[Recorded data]
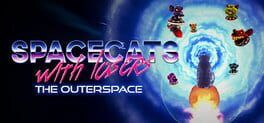 Spacecats with Lasers Game Cover Artwork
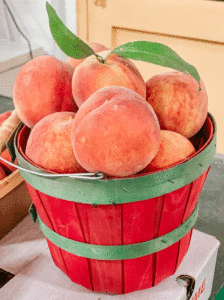 Basket of Peaches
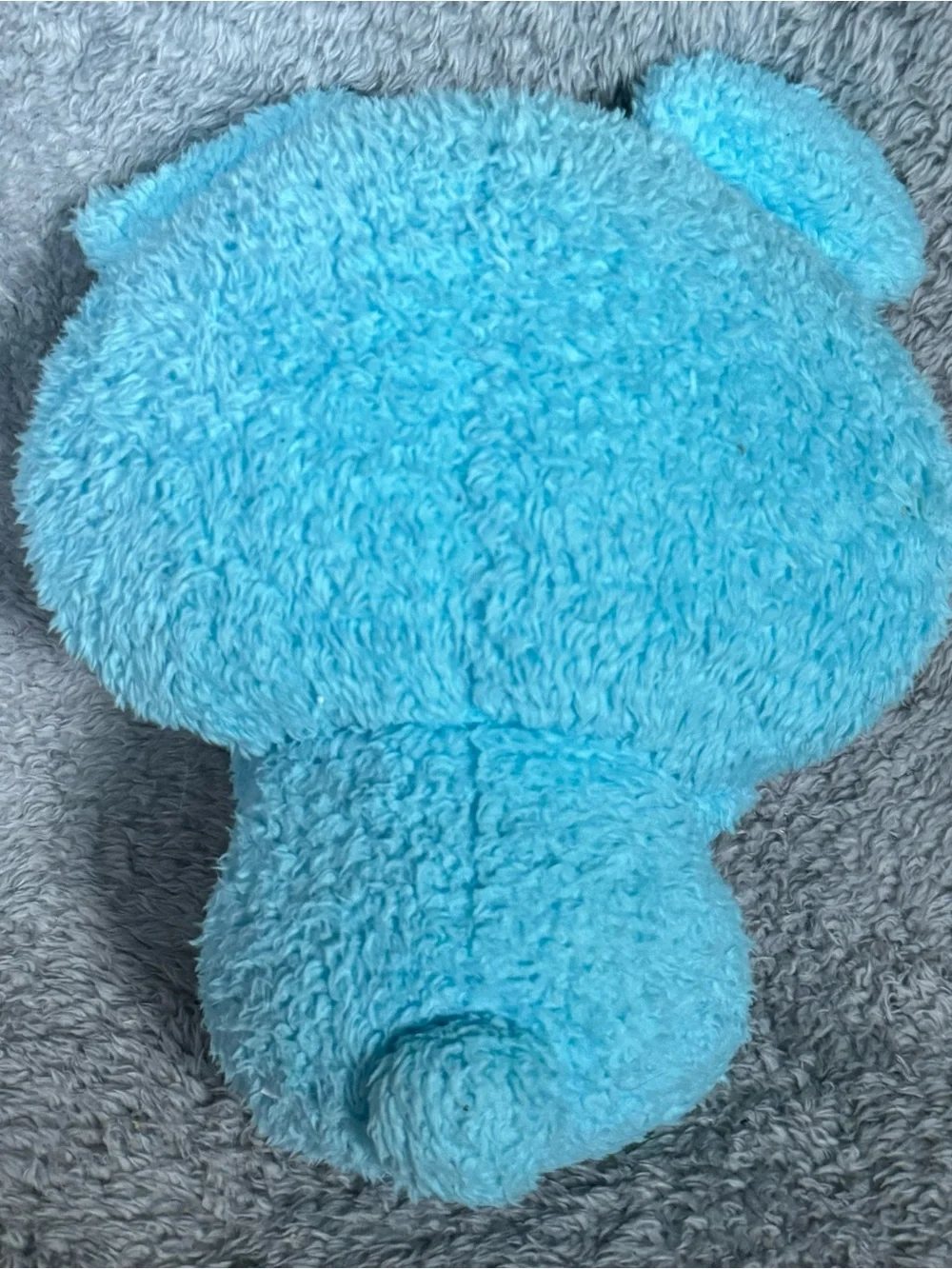 Sanrio Hello Kitty Plush 12” Blue Stuffed Animal Soft Toy Bear Costume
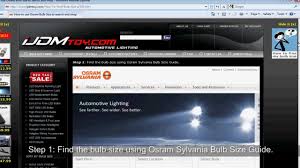 Find The Bulb Size Using Osram Sylvania Bulb Size Guide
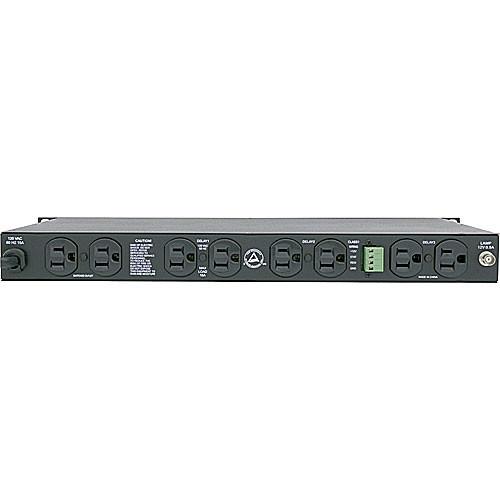 Furman PS-8R Series II 8-Outlet Power Conditioner & Sequencer , Remotable - 120v 15a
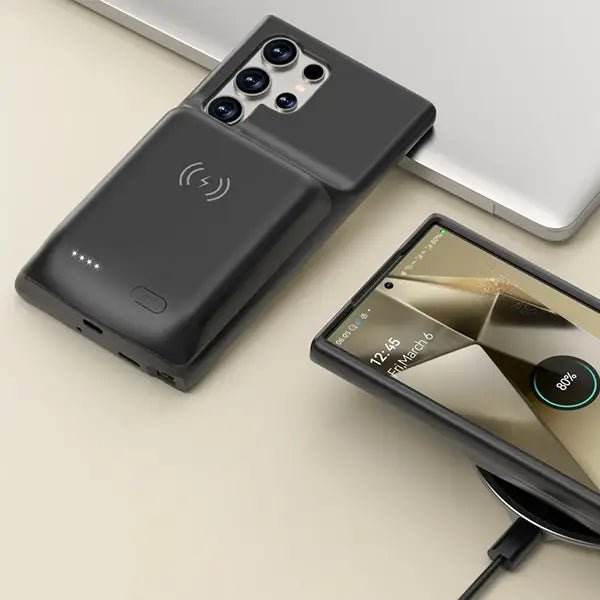 Portable 10000mAh Power Bank Case - Samsung Mobile Case by CoverMeUp - Style 3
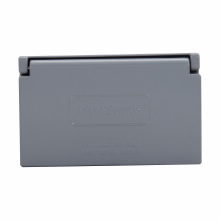 Product image for Crouse-Hinds WLGF Wet Location Cover, Copper-Free Aluminum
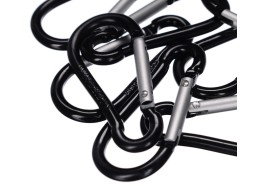 Karabiner for festestropper/strikker CARGO CORD, 10 stk - reservedel
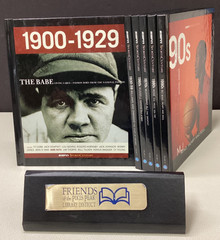 Lot of 6 Vols. ESPN SPORTS CENTURY Books 1900-1929, 1930-59, 1960s-70s-80s-90s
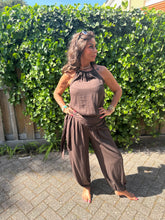 2-delig set Gina Donkerbruin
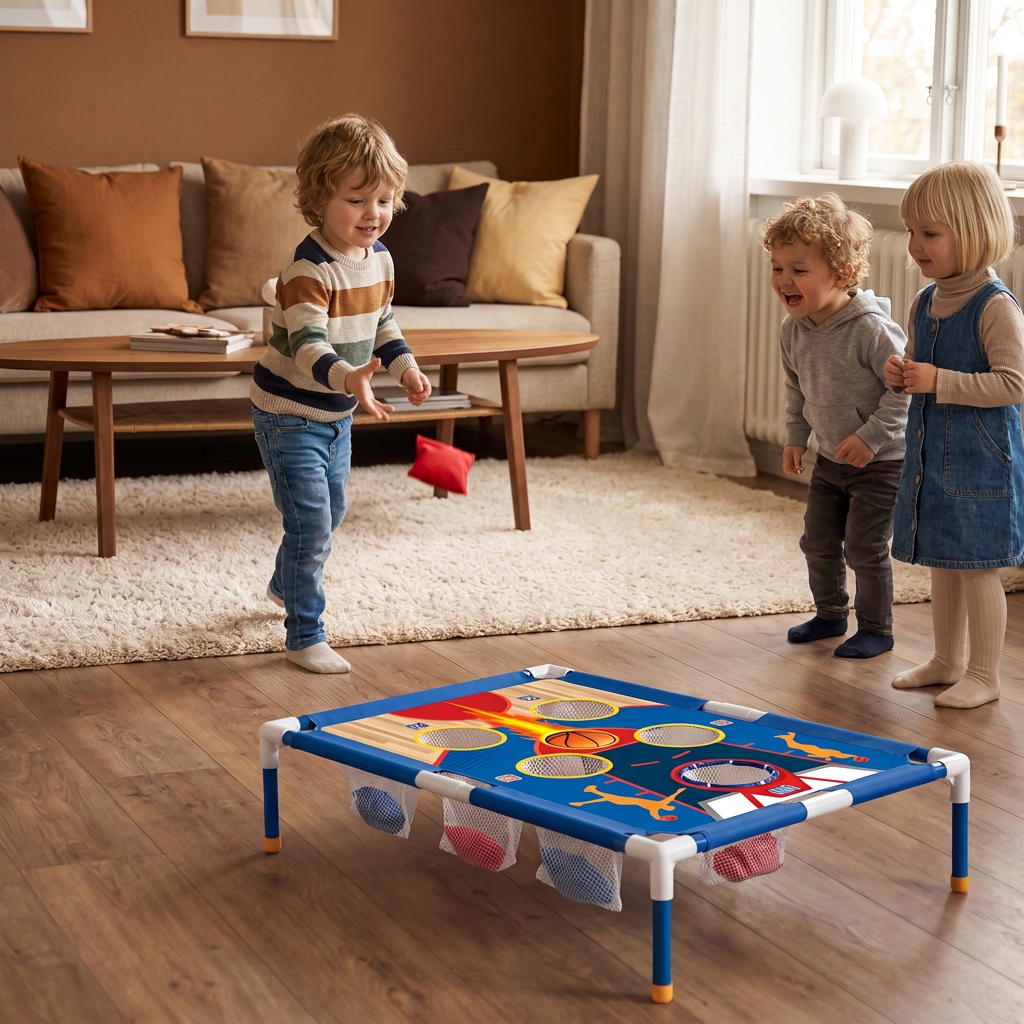 Ärtpåsekastningsspel – Familjespel för Inomhus- och Utomhusbruk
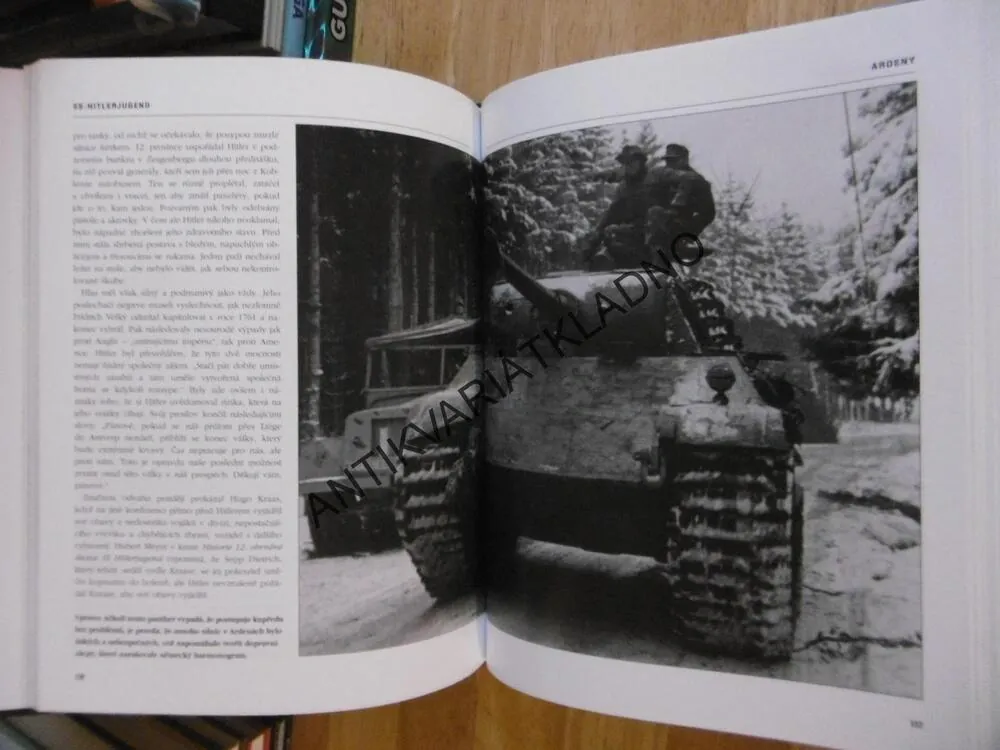 SS- HITLERJUGEND, HISTORIE DVANÁCTÉ DIVIZE SS 1943-45, RUPERT BUTLER,, **an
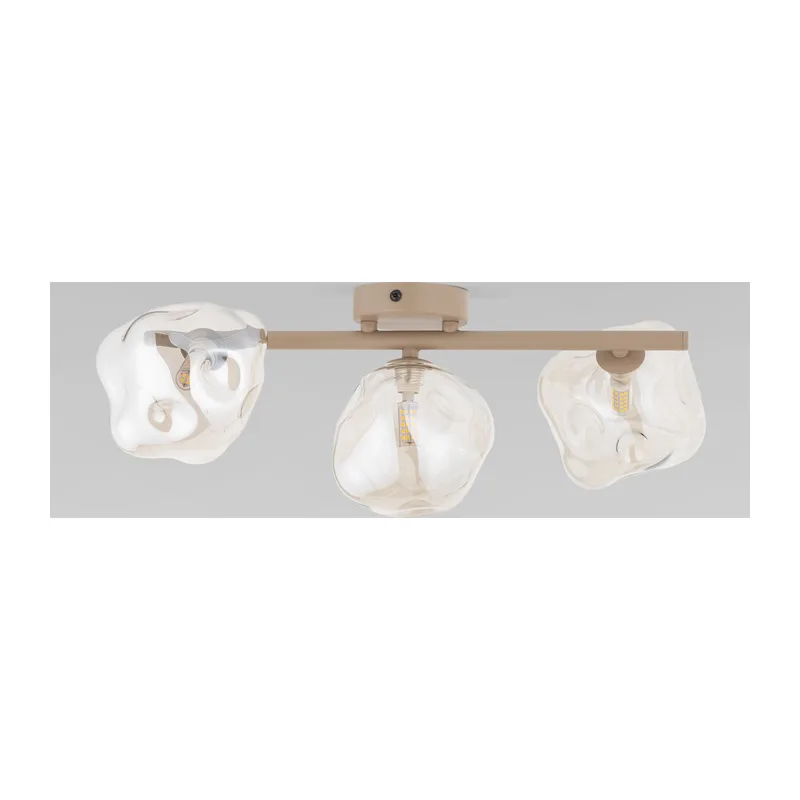 Потолочный светильник со стеклянными плафонами 11105 Lava Sabia TK Lighting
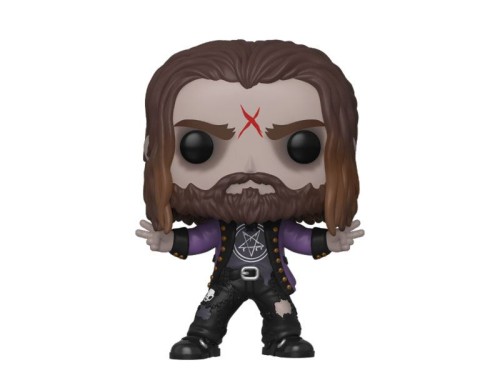 Figurka Funko Rob Zombie POP Rocks Vinyl Rob Zombie 9 cm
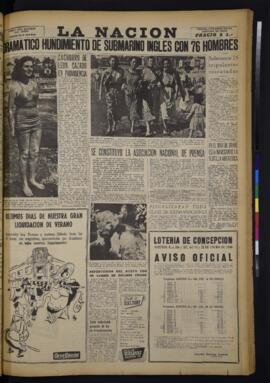 La Nación - 13 de enero de 1950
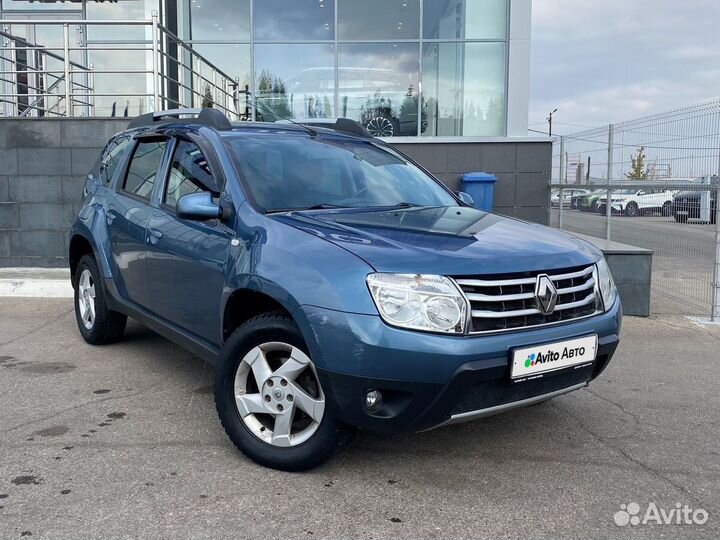 Renault Duster 2.0 AT, 2014, 61 431 км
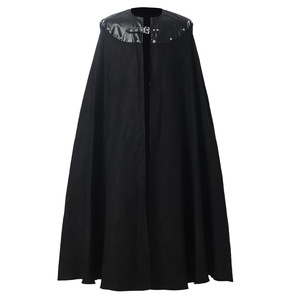 Capa de Cuero para Halloween, Disfraz de Caballero Medieval, Traje de Cosplay para Adultos, Ropa de Escenario, Primavera 2024, Tela de Poliéster - Product Image 5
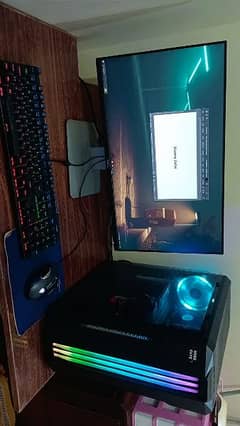 Gaming PC Setup (PC + LCD+ MOUSE+ KEYBOARD+ HEADPHONE)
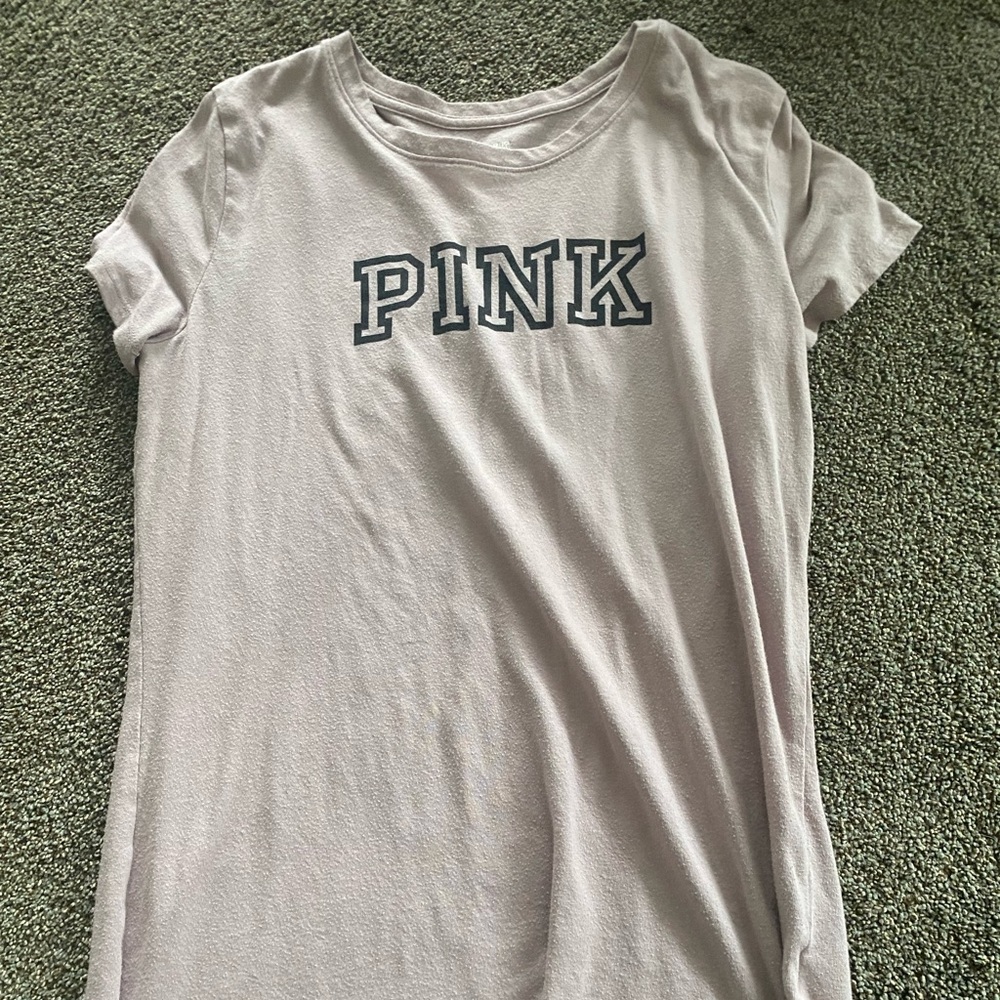 Victoria’s Secret Pink mauve purple tshirt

### PROBLEM TO SOLVE
Beginning with the line that contains "2-delig set Gina Donkerbruin" and ending with the last line of the entries above, repeat each line exactly, but not the pictures.

### YOUR SOLUTION
 2-delig set Gina Donkerbruin
 Ärtpåsekastningsspel – Familjespel för Inomhus- och Utomhusbruk
 SS- HITLERJUGEND, HISTORIE DVANÁCTÉ DIVIZE SS 1943-45, RUPERT BUTLER,, **an
 Потолочный светильник со стеклянными плафонами 11105 Lava Sabia TK Lighting
 Figurka Funko Rob Zombie POP Rocks Vinyl Rob Zombie 9 cm
 La Nación - 13 de enero de 1950
 Renault Duster 2.0 AT, 2014, 61 431 км
 Capa de Cuero para Halloween, Disfraz de Caballero Medieval, Traje de Cosplay para Adultos, Ropa de Escenario, Primavera 2024, Tela de Poliéster - Product Image 5
 Gaming PC Setup (PC + LCD+ MOUSE+ KEYBOARD+ HEADPHONE)
 Victoria’s Secret Pink mauve purple tshirt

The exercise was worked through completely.